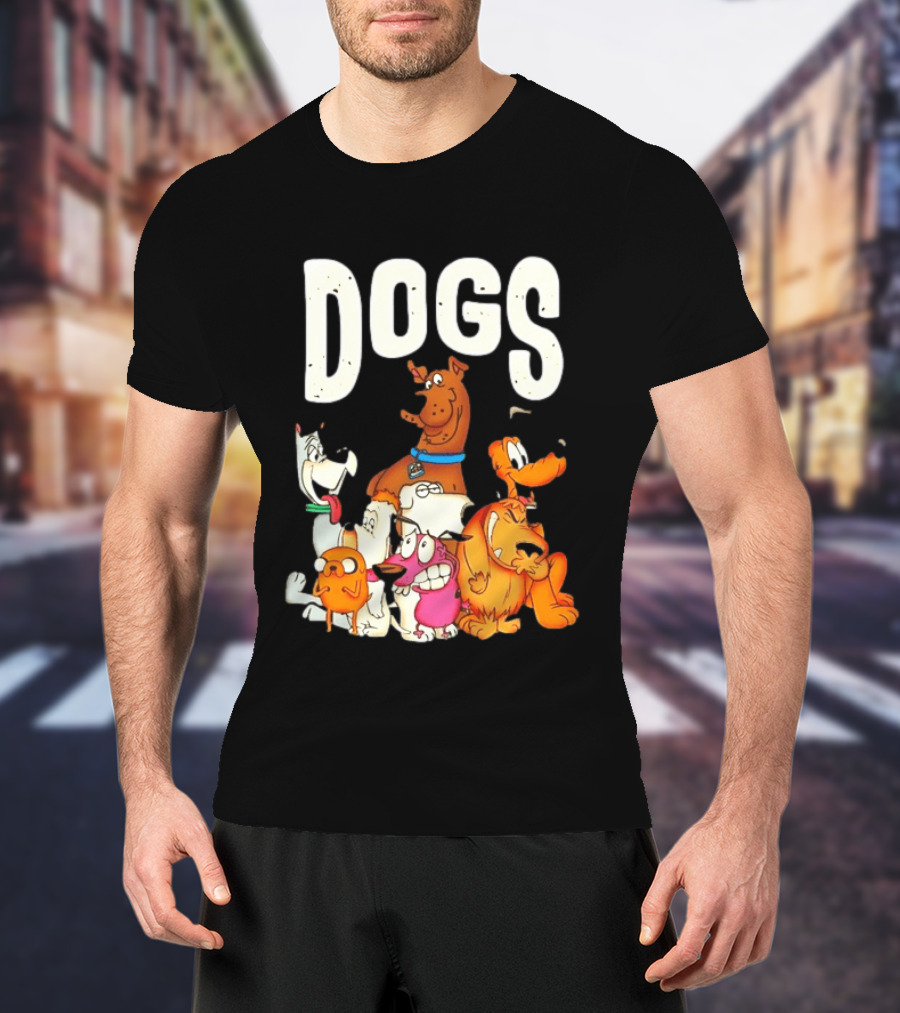 DOGS Astro Scooby Doo Jake Droopy Brian Griffin Courage Pluto Muttley T-Shirt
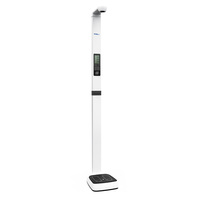 Máquina de Medición de Altura, Peso e IMC Ultrasónica, Pantalla LCD de 5 Pulgadas, Diseño Plegable, Adecuada para Exámenes de Salud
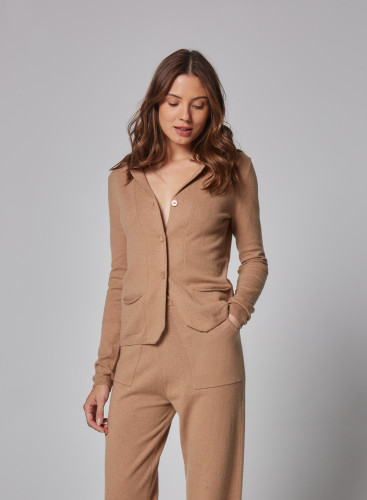 Organic cotton / Cashmere 3-button jacket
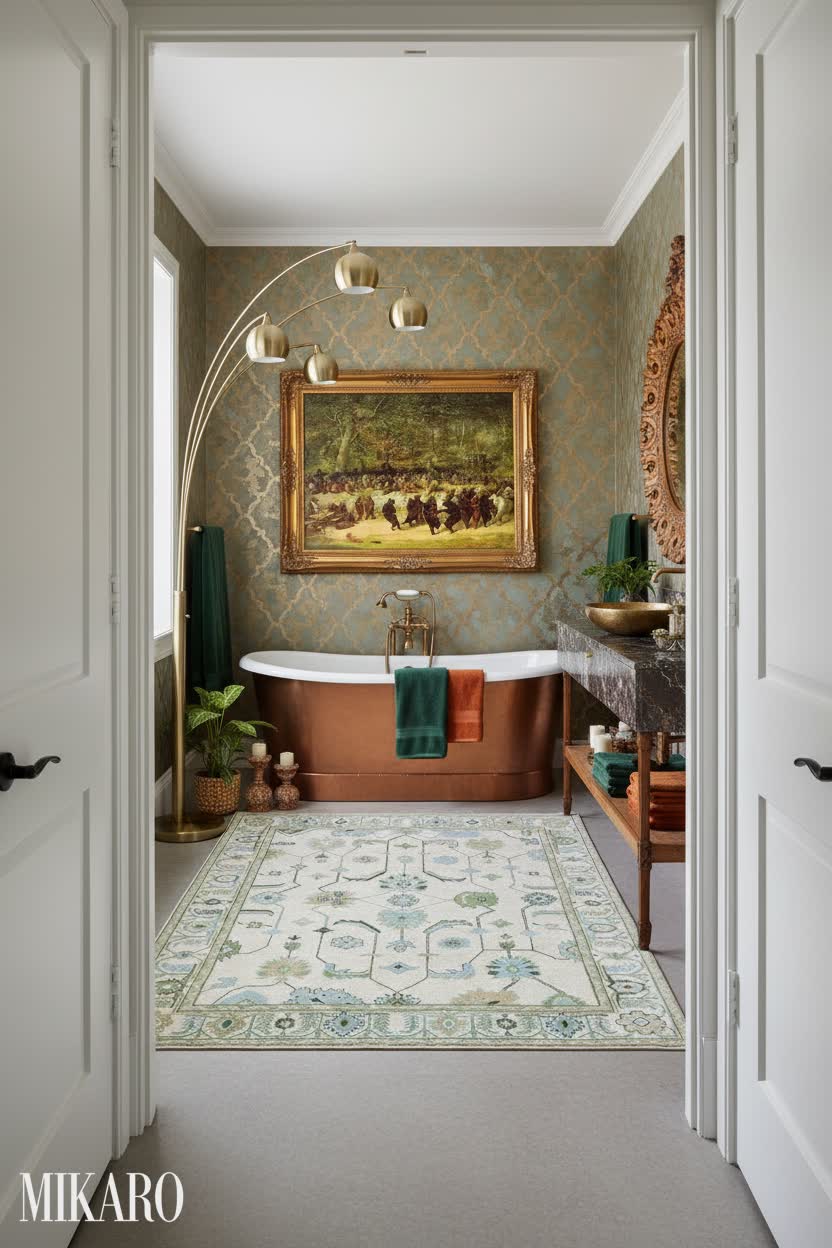 Global Fusion: Luxurious En-suite with Eclectic Charm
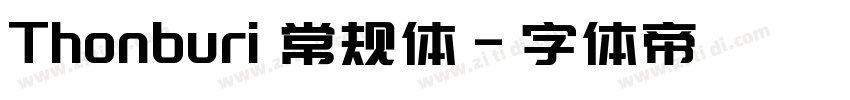 Thonburi 常规体字体转换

Problem =>
The output should consist of the records above, reproduced exactly, without pictures.

Written response =>
 DOGS Astro Scooby Doo Jake Droopy Brian Griffin Courage Pluto Muttley T-Shirt
 Máquina de Medición de Altura, Peso e IMC Ultrasónica, Pantalla LCD de 5 Pulgadas, Diseño Plegable, Adecuada para Exámenes de Salud
 Organic cotton / Cashmere 3-button jacket
 Global Fusion: Luxurious En-suite with Eclectic Charm
 Thonburi 常规体字体转换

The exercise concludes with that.